INPUT:

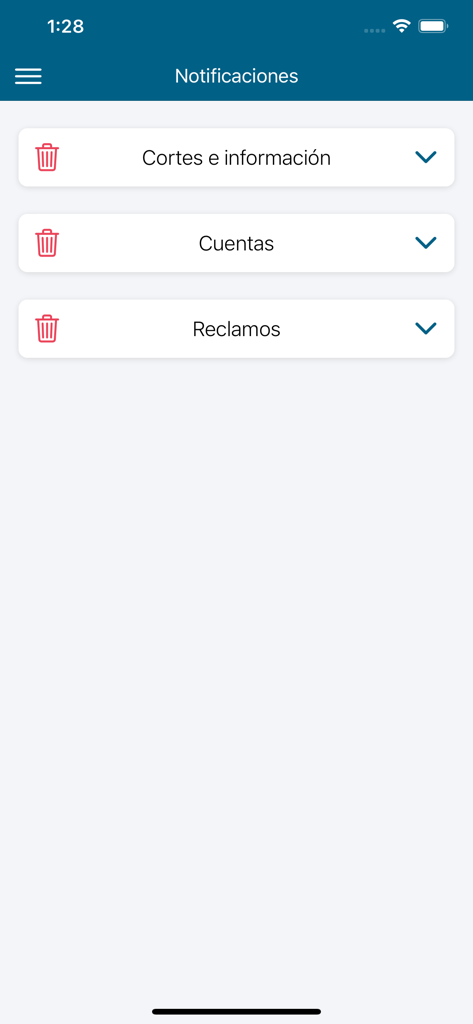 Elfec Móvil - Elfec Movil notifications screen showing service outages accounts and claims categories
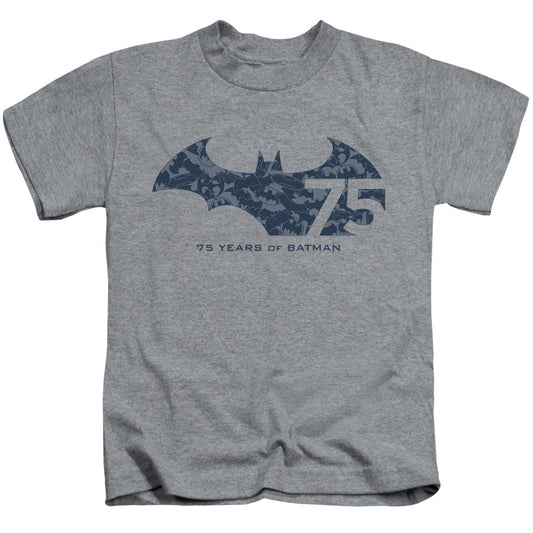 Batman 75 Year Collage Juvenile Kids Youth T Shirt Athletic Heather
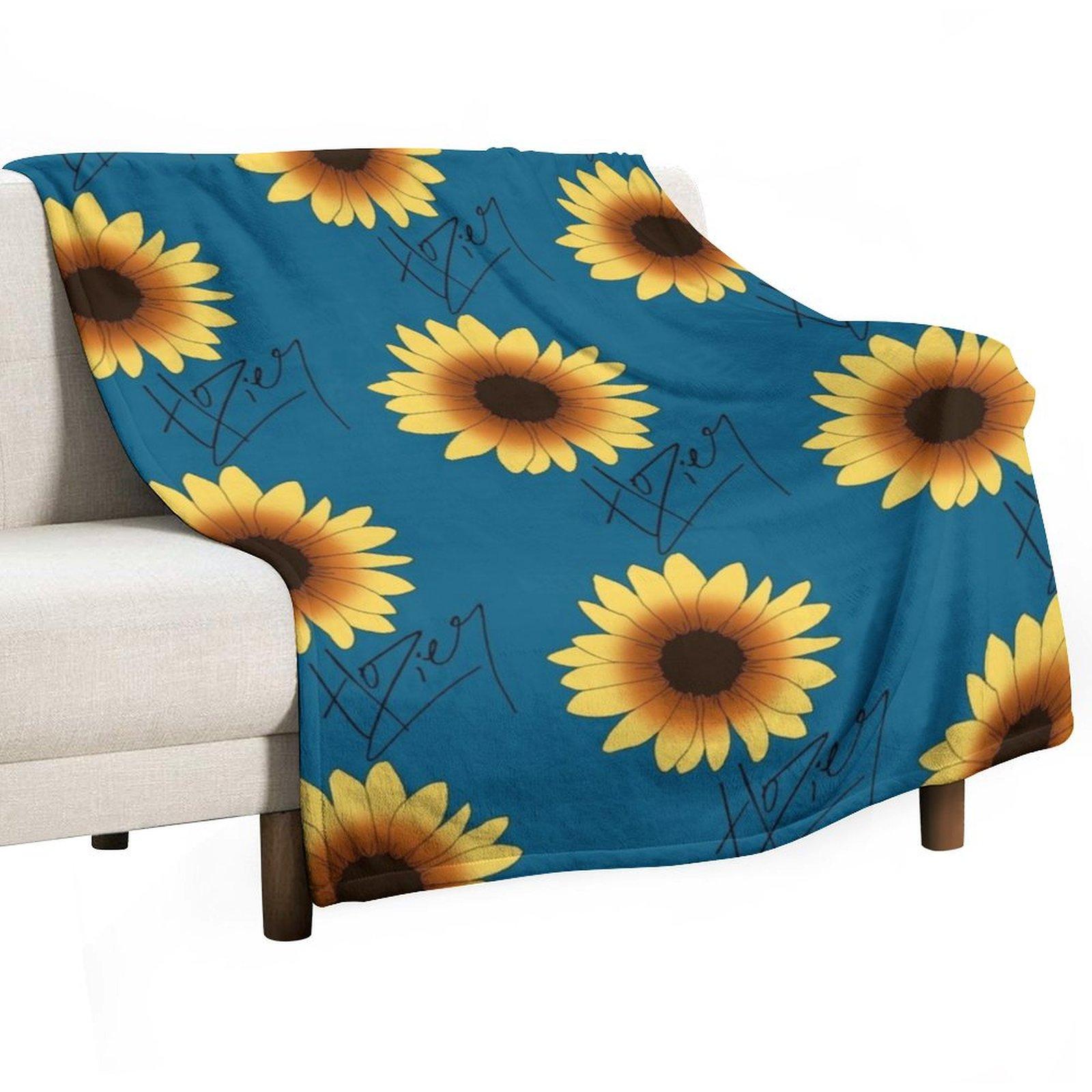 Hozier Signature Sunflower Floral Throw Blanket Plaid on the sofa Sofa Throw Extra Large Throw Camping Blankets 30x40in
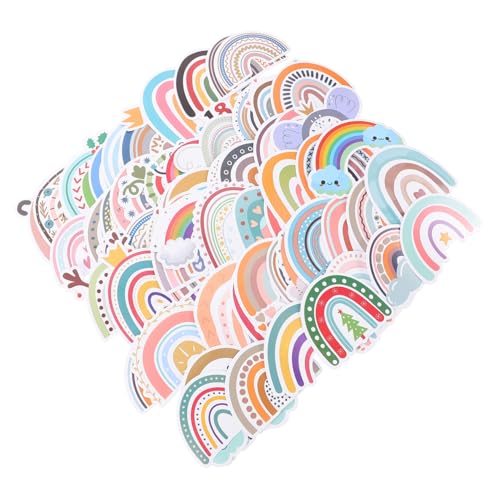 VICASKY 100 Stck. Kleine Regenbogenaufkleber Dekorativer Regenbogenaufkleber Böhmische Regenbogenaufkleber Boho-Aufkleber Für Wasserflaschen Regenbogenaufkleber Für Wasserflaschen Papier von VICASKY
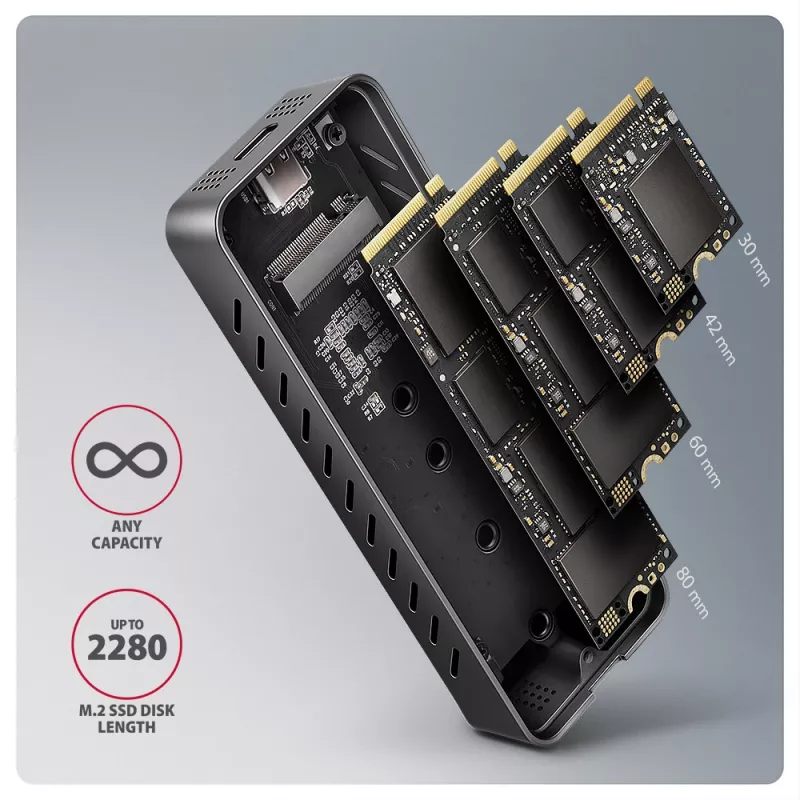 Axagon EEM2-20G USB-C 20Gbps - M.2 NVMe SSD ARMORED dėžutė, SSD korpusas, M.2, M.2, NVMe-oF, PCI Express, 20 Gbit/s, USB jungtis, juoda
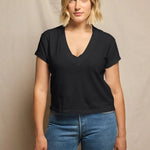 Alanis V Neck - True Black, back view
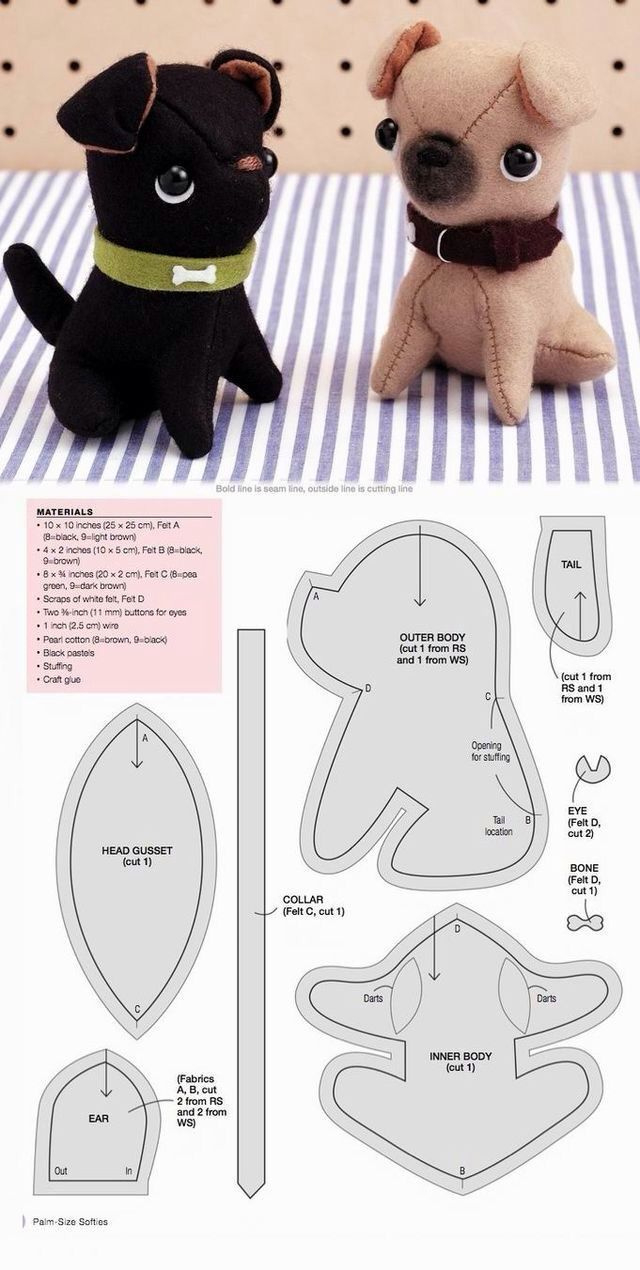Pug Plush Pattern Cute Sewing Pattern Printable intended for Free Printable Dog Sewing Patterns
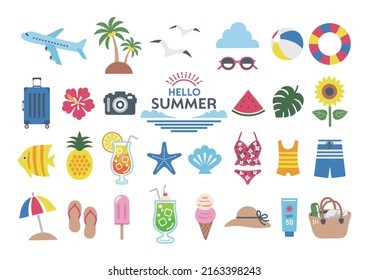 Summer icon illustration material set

THE TASK:
Only the pictures stay out; everything else in the listing above must be repeated exactly.

TASK ANSWER:
 Elfec Móvil - Elfec Movil notifications screen showing service outages accounts and claims categories
 Batman 75 Year Collage Juvenile Kids Youth T Shirt Athletic Heather
 Hozier Signature Sunflower Floral Throw Blanket Plaid on the sofa Sofa Throw Extra Large Throw Camping Blankets 30x40in
 VICASKY 100 Stck. Kleine Regenbogenaufkleber Dekorativer Regenbogenaufkleber Böhmische Regenbogenaufkleber Boho-Aufkleber Für Wasserflaschen Regenbogenaufkleber Für Wasserflaschen Papier von VICASKY
 Axagon EEM2-20G USB-C 20Gbps - M.2 NVMe SSD ARMORED dėžutė, SSD korpusas, M.2, M.2, NVMe-oF, PCI Express, 20 Gbit/s, USB jungtis, juoda
 Alanis V Neck - True Black, back view
Pug Plush Pattern Cute Sewing Pattern Printable intended for Free Printable Dog Sewing Patterns
 Summer icon illustration material set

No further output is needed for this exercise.